> **Supplied material**
-*-

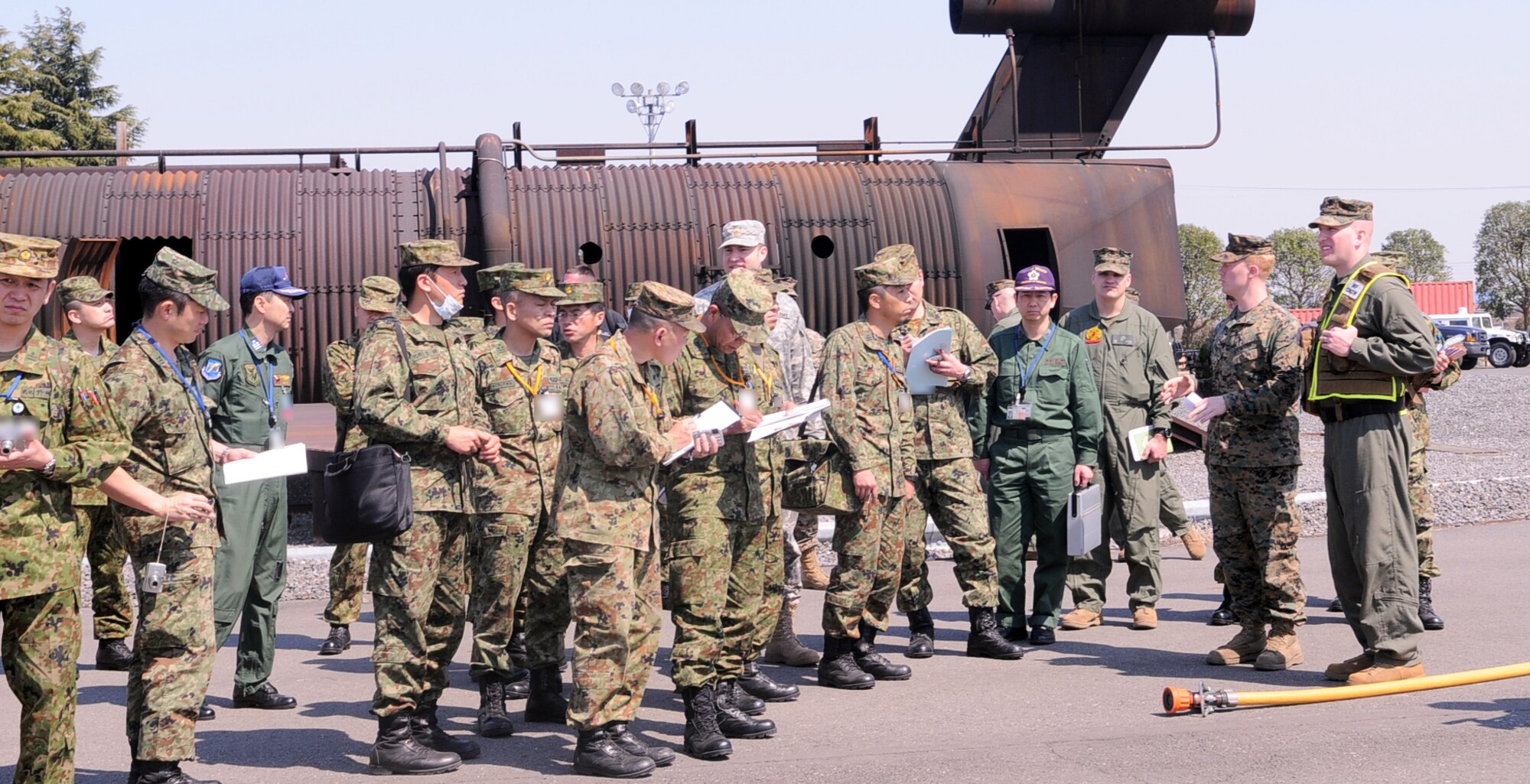 YOKOTA AIR BASE, Japan -- Japan Ground Self-Defense Force members take notes while observing the capabilities of the initial response force Marines at Yokota Air Base, Japan, April 6, 2011. IRF will support Operation Tomodachi, providing a rapid response capability and advising Japanese authorities on how to manage potential nuclear radiation. (U.S. Air Force photo/Airman 1st Class Krystal M. Garrett) 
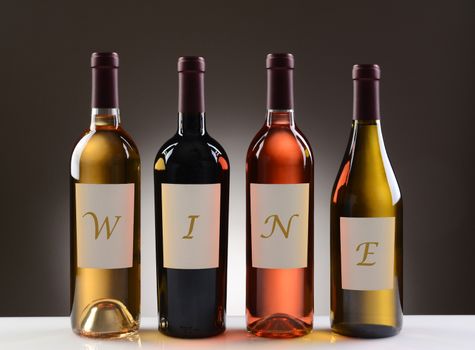 Four Wine Bottles with their labels spelling out the word WINE, on a light to dark gray background. Four different wines including: Cabernet Sauvignon, Chardonnay, Sauvignon Blanc, and White Zinfandel.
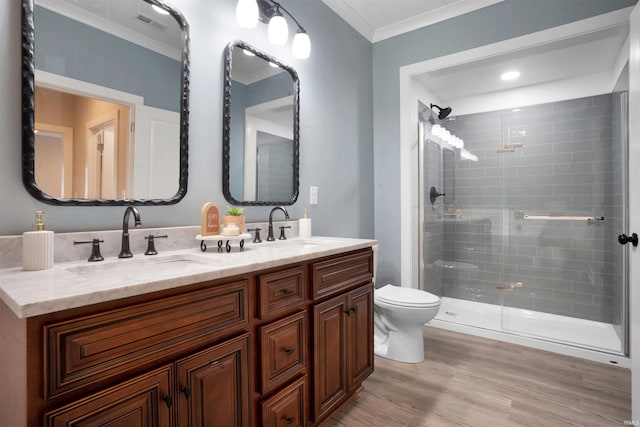 bathroom featuring walk in shower, wood-type flooring, toilet, vanity, and ornamental molding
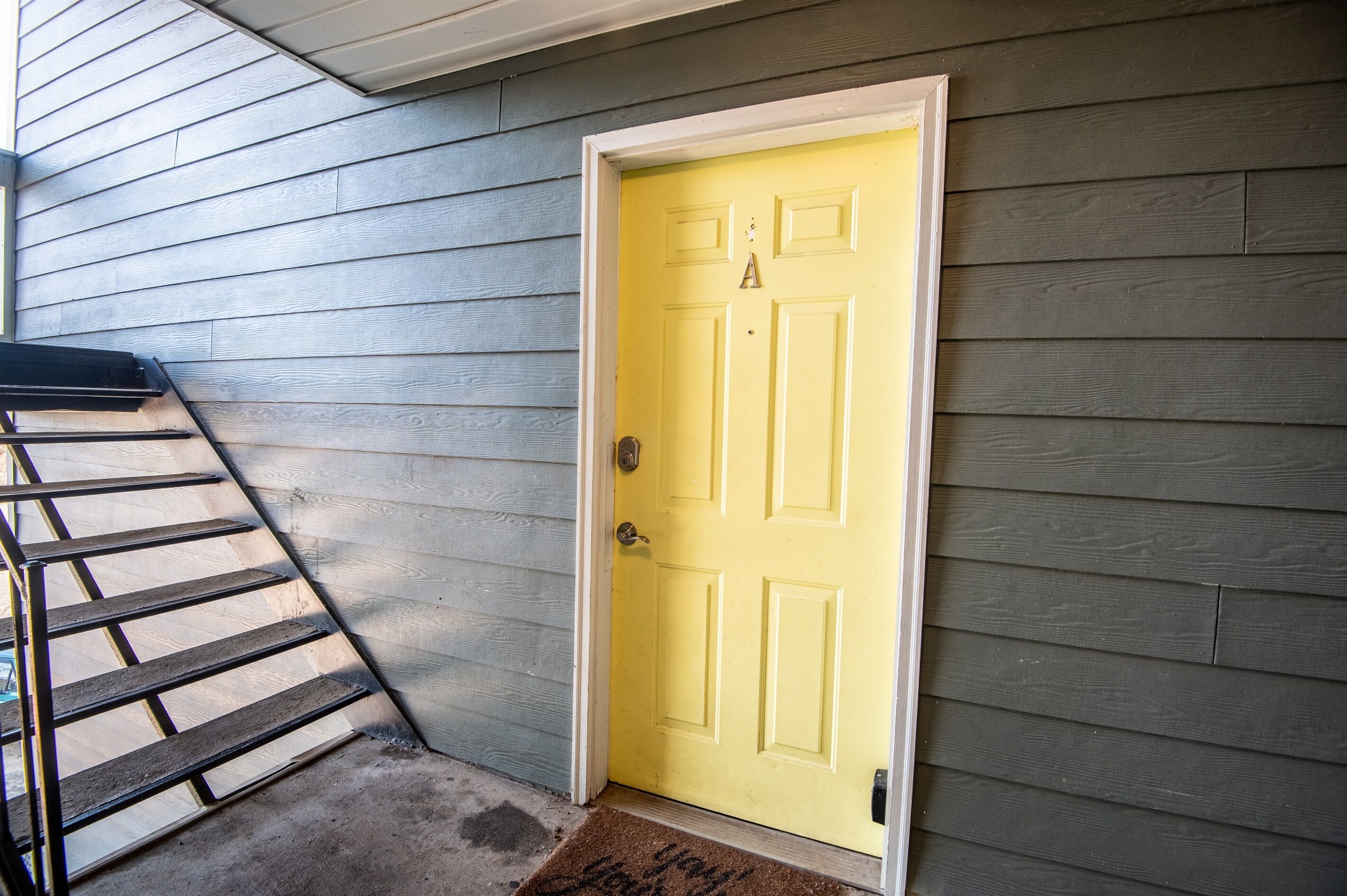 A yellow door with a white frame, a metal ladder leaning against a gray wooden wall, and a brown doormat with the word "Welcome".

-*-

> **Task statement**
Output the line containing "bathroom featuring walk" along with every line after it to the end of the material, exactly as written, but without pictures.

> **Expected answer**
 bathroom featuring walk in shower, wood-type flooring, toilet, vanity, and ornamental molding
 A yellow door with a white frame, a metal ladder leaning against a gray wooden wall, and a brown doormat with the word "Welcome".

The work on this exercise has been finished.